Nearly 30,000 Nevada 11th graders (95% of the Class of 2016) took the ACT exam, which is now a graduation requirement. … Updated preliminary results of the statewide ACT show that 2,955 (10%) of Nevada’s 11th graders met all four of the college and career readiness benchmarks. Nearly 10,500 test takers met the benchmark score in English, 6,911 met the benchmark in math, 6,797 met the reading benchmark, and 4,729 met the benchmark in science. The average composite score for Nevada 11th graders was 17.4. … The results show that the vast majority of our students are not well prepared for education beyond high school. … Nevada is one of 10 states that require all 11th graders to take the ACT. … By giving the ACT in 11th grade, we are providing our students a clear, objective picture of their academic strengths and weaknesses.
Missing from this report are answers to some crucial questions, based on the assumption that the ACT, like the SAT, is still basically a college admission test, like it used to be when my generation had to take it.
What the heck does the title of the press release mean, “sets the baseline”?
If the next round comes back with only 89% failing, that will be considered “success”? Statistically it would be a 10% improvement from 90% failing…
Exactly what are the “benchmarks”? What constitutes a passing grade?
Previous reports cite the pitiful fact that high school seniors / college freshmen have a reading proficiency at the seventh grade level. Is that the passing grade for this round of the ACT?
Since this kind of testing replaces the old high school proficiency test, and passing it is now a graduation requirement, do these results mean that 90% of our high school students will NOT graduate?
Who makes that decision, and based on what? Social promotion? Public pressure?
Do all Nevada high school juniors even WANT to go to college?
Is it fair to test for college readiness those students who do NOT want to go to college?
Are ALL Nevada high school students even academically and temperamentally suitable for college-level academic work?
If not, why test them all for college readiness? How does that make any sense?
How do the test results break out if restricted to only those students who DO want to go to college?
Does the test result identify students who don’t want to go to college but would be suitable to do so and should be encouraged to do so?
What is the reason why Nevada high school students do so poorly on a college admission test?
Asked a different way, what is the ethnic and cultural breakdown of the test results? White-hispanic-black, urban-suburban-rural, etc.?
Are our test results pulled down by the large numbers (majority?) of students from cultures that do NOT place a high value on education and academics?
Since our schools are obviously doing such a poor job with high school juniors, what hope do they have to make up the deficiencies IN JUST ONE YEAR (the senior year)?
Is it even fair to the students to use the senior year as a remedial year, instead of CONTINUING their education in the more ADVANCED subjects that used to be taught in the senior year?

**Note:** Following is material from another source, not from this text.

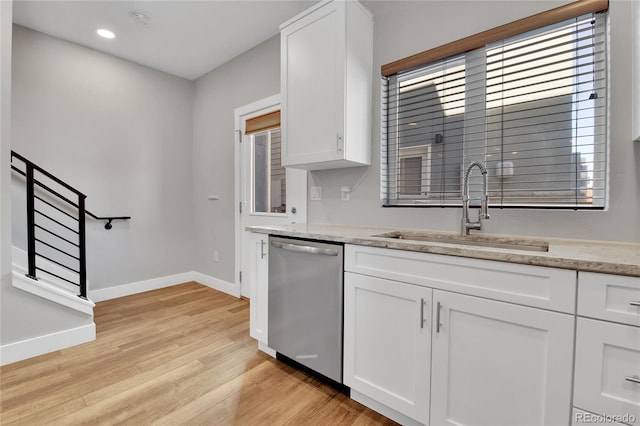 kitchen with white cabinets, dishwasher, light wood-style floors, and a sink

How are colleges adjusting to such a dismal report? Are they accepting the job of remedial education that is thrust upon them by the public schools? Is college education, too, being dummied down to accommodate the poorly prepared applicants?
Since our high schools are obviously doing such a poor job, do all students HAVE to go to college (local community college) just to finish getting a halfway decent general education?
If so, isn’t that just a dastardly scheme to make taxpayers, parents and student pay TWICE for the same service? Once for the public schools, once for the tuition in college? Oh, plus a third time for a TAX-supported college…!!!